Utilities for access and manipulation of GNSS radio occultation in the AWS Registry of Open Data
Project description
AWS GNSS RO Utilities
This package — awsgnssroutils — contains two utilities intended to serve and take advantage of the GNSS radio occultation (RO) data in the AWS Registry of Open Data. The first is a database utility, which queries the RO database for occultations that satisfy a variety of search criteria. The second is a highly efficient collocation-finding utility, which finds nadir-scanning radiance sounder data that is coincident with GNSS RO data.
This package can be installed from PyPI. On the Linux command line...
pip install awsgnssroutils
Contents
- First steps. These are necessary first steps for basic functionality.

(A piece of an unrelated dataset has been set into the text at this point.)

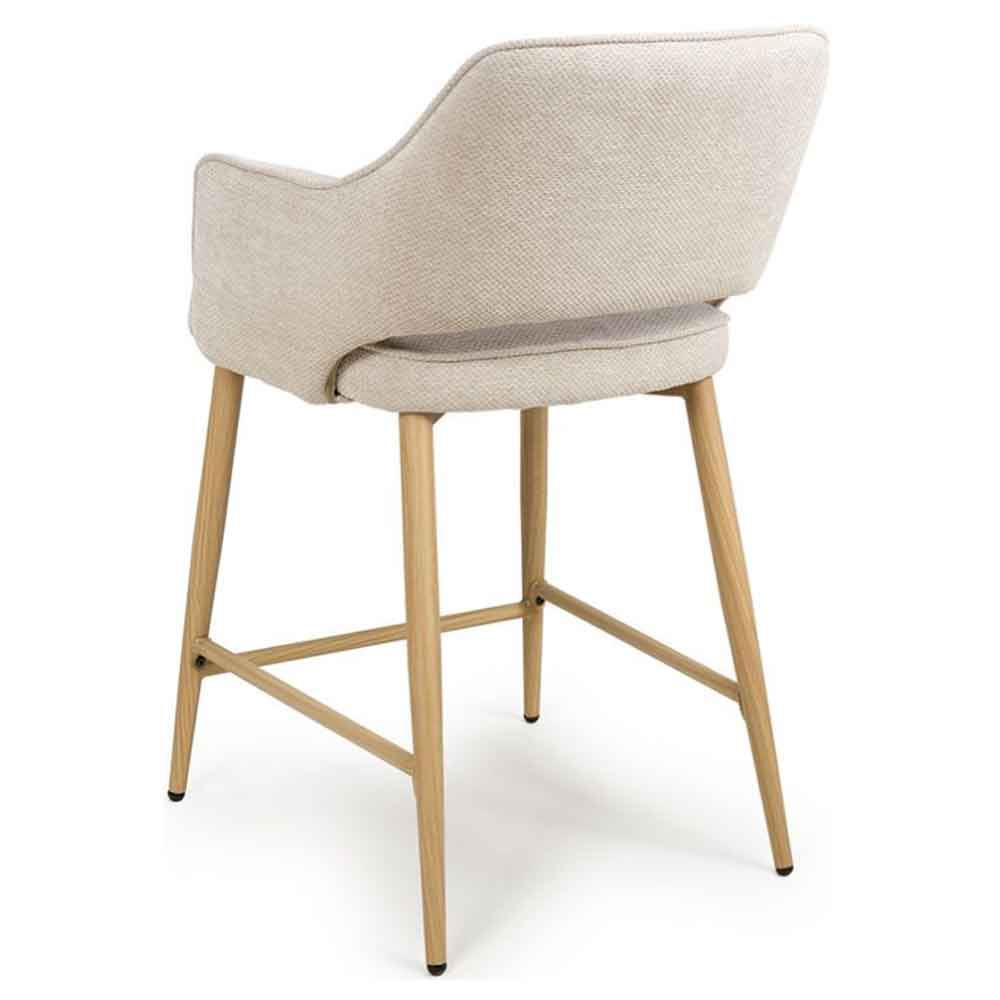 Eureka Natural Fabric Counter Bar Chairs with Oak Legs in Pair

- Database utility. Query, subset, and download RO data.
- Collocation utility. Find nadir radiance scanner data collocated with RO data.
1. First Steps
Before proceeding to use the query utility, be sure to set defaults for the database query system. In Python,
from awsgnssroutils.database import setdefaults
setdefaults( metadata_root="/my/path/to/RO/metadata", data_root="/my/path/to/RO/data", version="v1.1" )

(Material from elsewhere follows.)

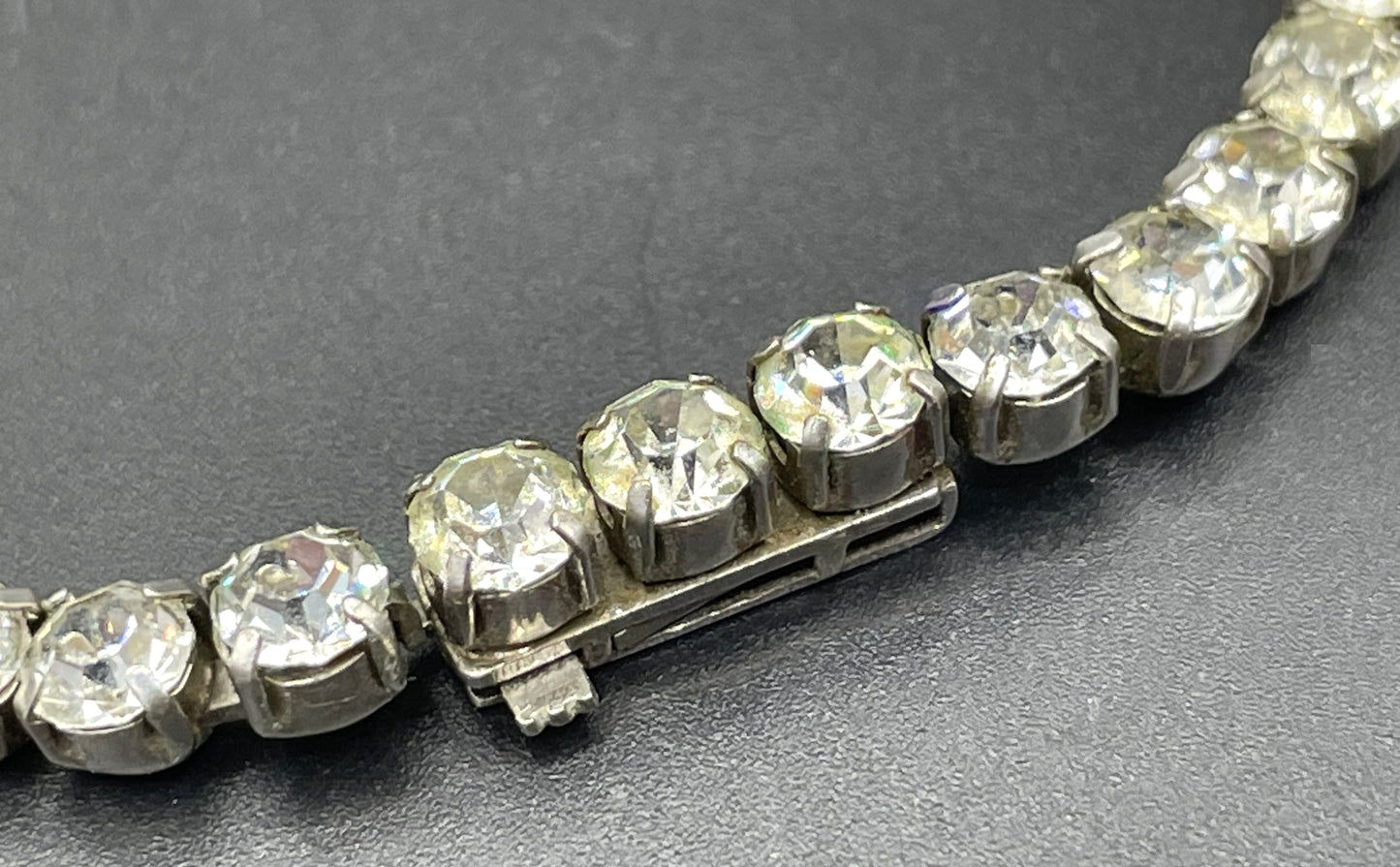 Vintage sterling silver stamped 'ster silver' ice clear rhinestone fringe necklace, signed 'prov pat'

All queries will attempt to access metadata in a directory hierarchy whose root is the first argument in this call, and all attempts to download RO data files will attempt to find the requested files in a directory hierarchy whose root is the second argument of the call. (Of course, rename these root paths to the desired root paths on your own file system.) At this point, the only version of RO data published in the AWS Registry of Open Data is "v1.1".
A user can choose to prepopulate all RO metadata, thereby guaranteeing great efficiency in all queries. Prepopulating can take up to ten minutes, but it only needs to be executed once; perhaps more often if the user needs to refresh the metadata. Prepopulating the metadata is done in Python as...

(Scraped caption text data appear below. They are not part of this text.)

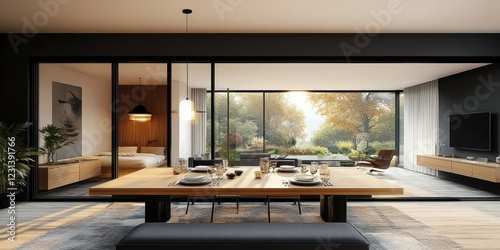 Modern Scandinavian Dining Room with Large Wooden Table and Natural Light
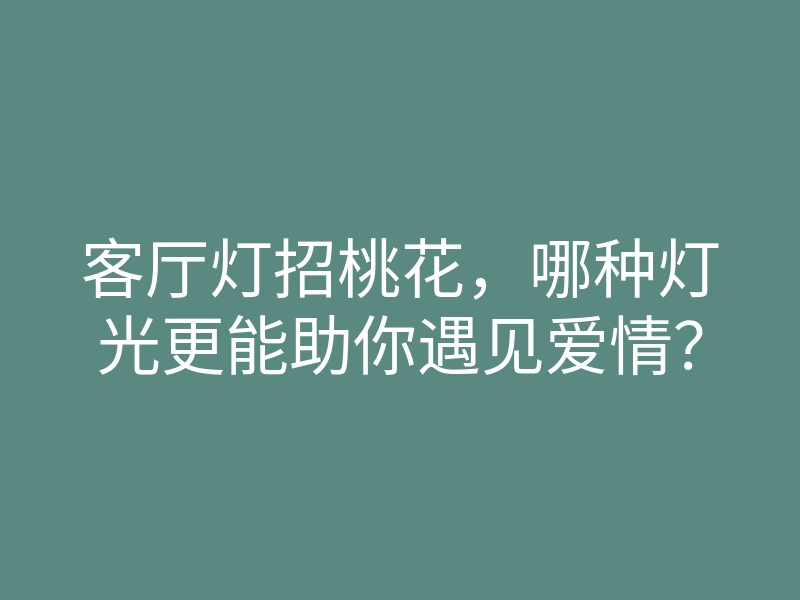 客厅灯招桃花,哪种灯光更能助你遇见爱情?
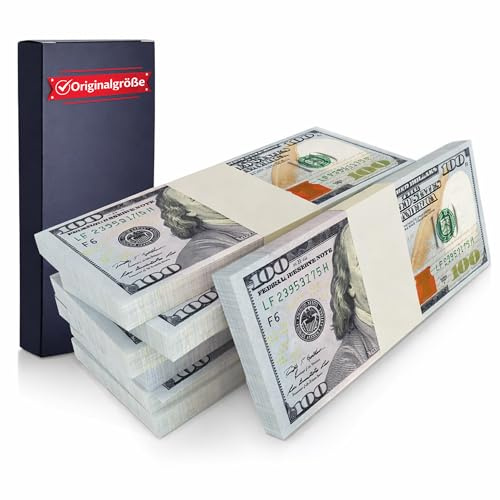 Spielgeld für Videoaufnahmen - Kinder 100$ x 100 Dollar Scheine mit Geschenkverpackung Fake Geld 10.000$ Money Geld Geschenk Geldscheine falschgeld für Party, Geburtstagsparty , Videoaufnahmen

from awsgnssroutils.database import populate
populate()
If a user erases metadata files in the metadata root path, future queries will still function correctly, but they will have to repopulate the metadata, thereby greatly increasing the wall clock time of queries.
2. Database Utility
The module awsgnssroutils.database obtains RO metadata from the AWS Registry of Open Data if needed, queries the metadata according to a variety of conditions, permits filtering/subsetting of the results, and downloads RO data as desired. The module defines two classes that serve as its core engine: RODatabaseClient and OccList. The first creates a portal to a database of RO metadata, and the second is an instance of a list of ROs. Each are described below.
RODatabaseClient
Create an instance of a portal to a metadata on all RO data in the AWS Registry of Open Data. This tool is made efficient by storing metadata used in previous queries on the local file system. Subsequent queries will find this metadata on the local file system and will not spend valuable wall clock time repeating the download of the metadata of interest. The same holds true for RO data files themselves: previously downloaded data are stored on the local file system. The user is free to clear out these local "mirrors" of the metadata and data, but this will penalize future efficiency for the gain of local disk space.
Executing queries. All queries to the AWS repository of RO data are executed through an instance of the RODatabaseClient class. The results of queries are instances of class OccList. Create an instance of the portal class in Python as...
from awsgnssroutils.database import RODatabaseClient
rodb = RODatabaseClient()
in which rodb is an interface directly to the AWS S3 bucket to access the metadata. If metadata has not been prepopulated, queries can be slow. If authentication is needed for access to an AWS S3 bucket, this class will automatically re-authenticate without user interference.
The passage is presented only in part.